[Input data — start]

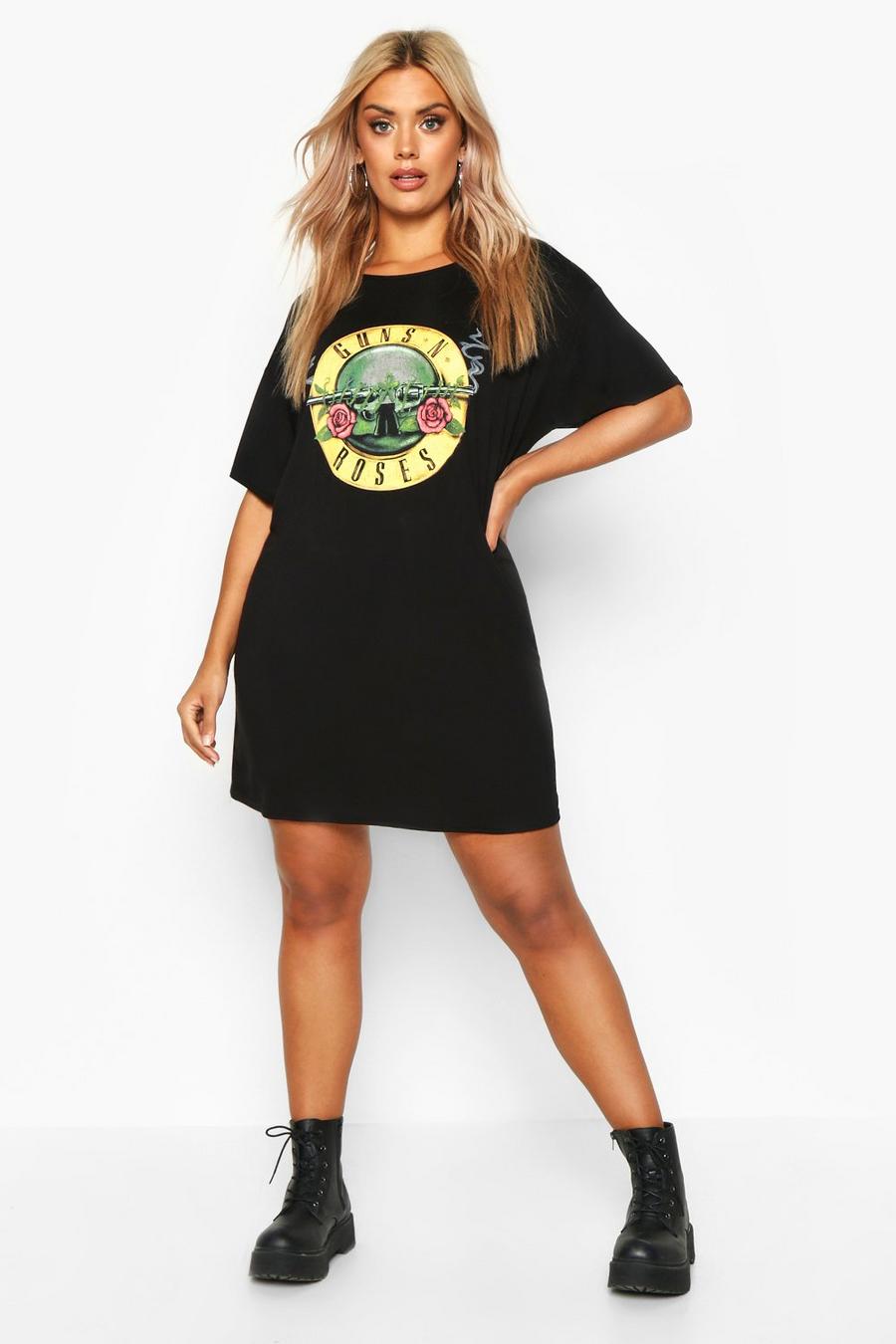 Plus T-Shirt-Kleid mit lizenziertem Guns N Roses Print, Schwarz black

[Input data — finish]
[Input data — start]

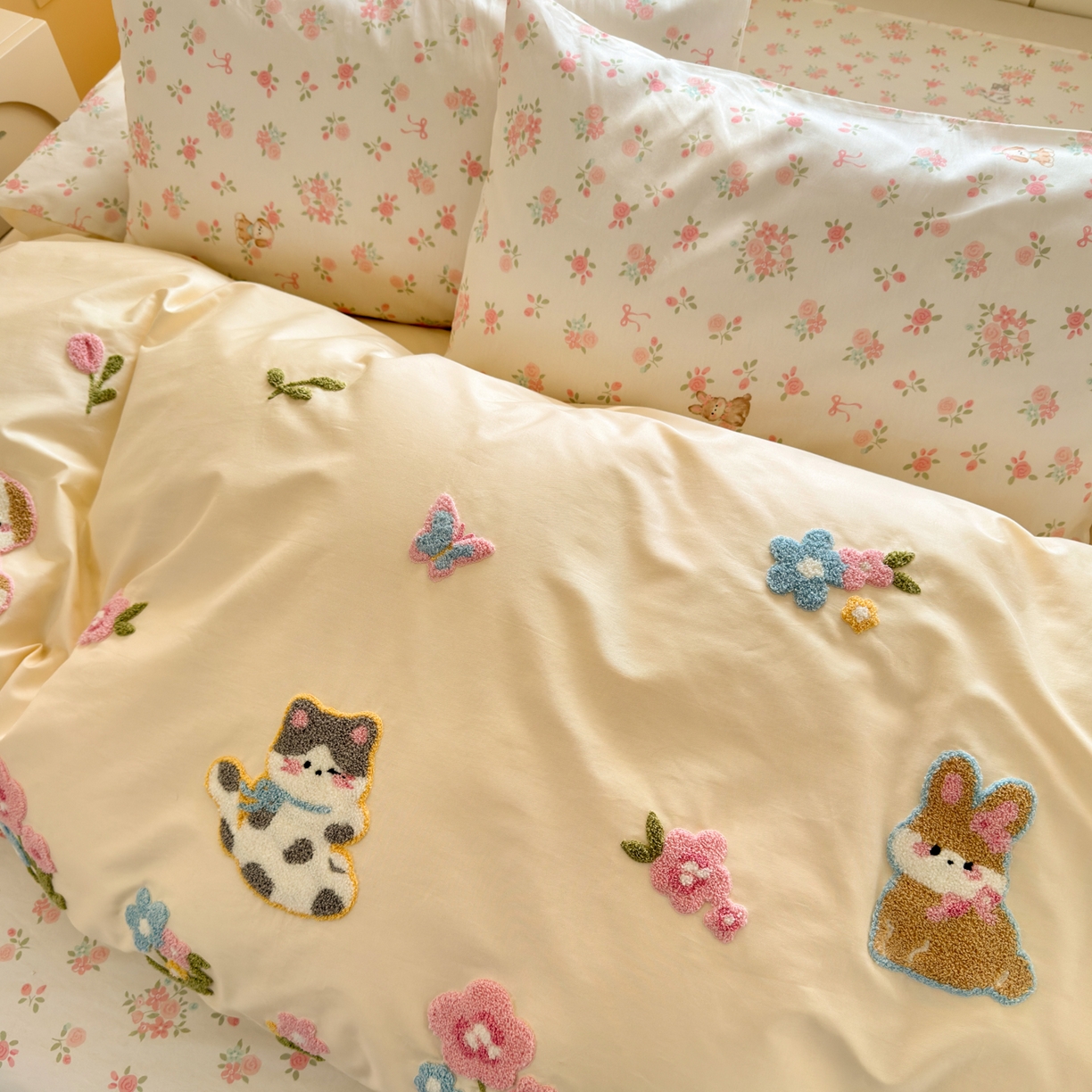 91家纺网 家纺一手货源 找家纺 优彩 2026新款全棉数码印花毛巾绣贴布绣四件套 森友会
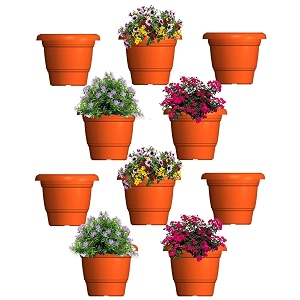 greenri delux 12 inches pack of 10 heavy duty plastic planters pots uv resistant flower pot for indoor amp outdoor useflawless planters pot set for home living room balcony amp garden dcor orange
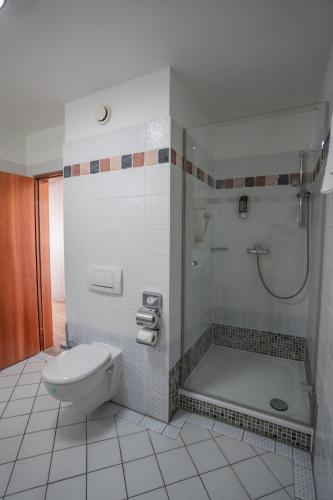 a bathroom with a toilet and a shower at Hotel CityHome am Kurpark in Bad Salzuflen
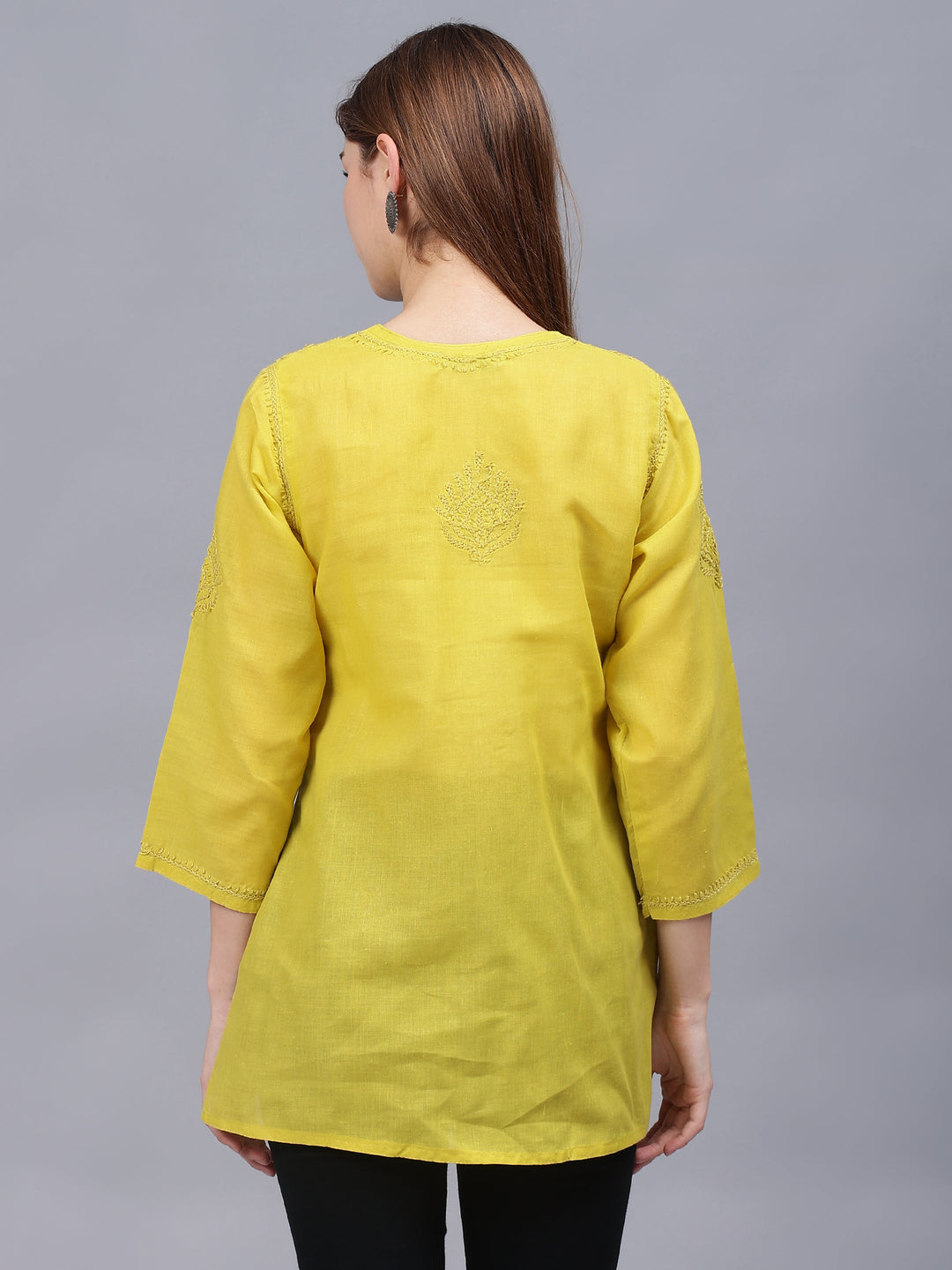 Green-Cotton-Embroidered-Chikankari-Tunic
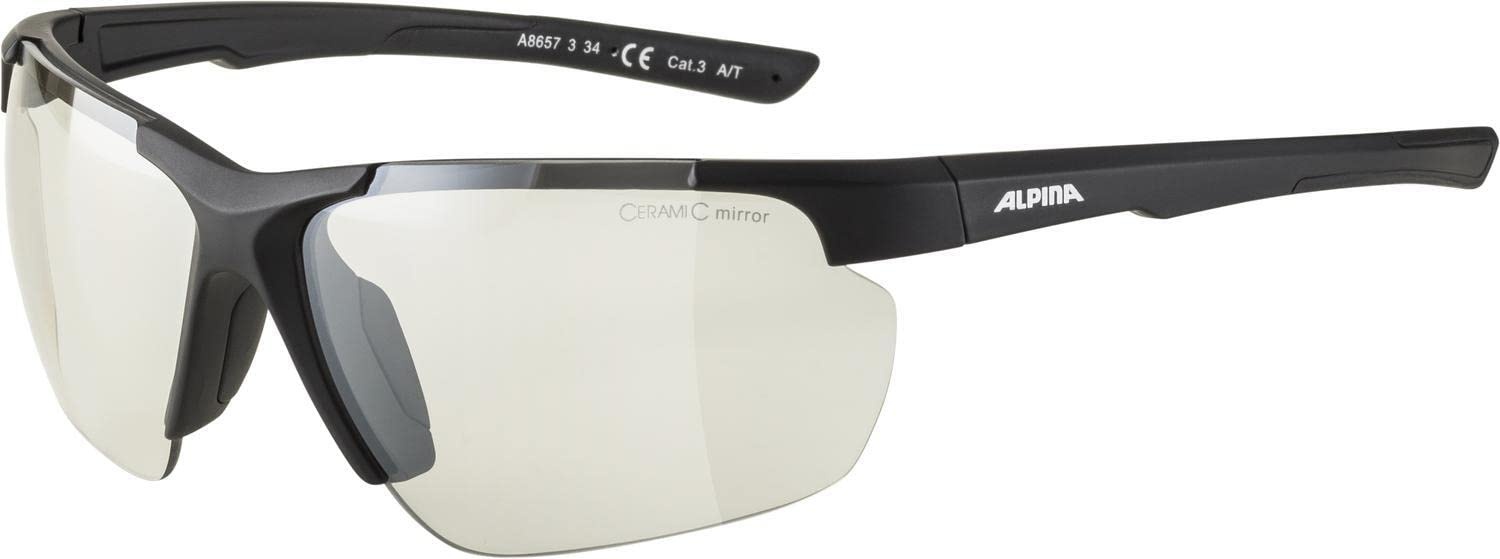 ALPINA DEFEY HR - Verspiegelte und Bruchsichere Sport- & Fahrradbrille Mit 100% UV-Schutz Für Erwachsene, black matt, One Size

[Input data — finish]

**Try it:** From the listing above, repeat only the lines between the line containing "a bathroom with" and the line containing "ALPINA DEFEY HR", those two included. Pictures are not part of the copy.

**Answer area:**
 a bathroom with a toilet and a shower at Hotel CityHome am Kurpark in Bad Salzuflen
 Green-Cotton-Embroidered-Chikankari-Tunic
 ALPINA DEFEY HR - Verspiegelte und Bruchsichere Sport- & Fahrradbrille Mit 100% UV-Schutz Für Erwachsene, black matt, One Size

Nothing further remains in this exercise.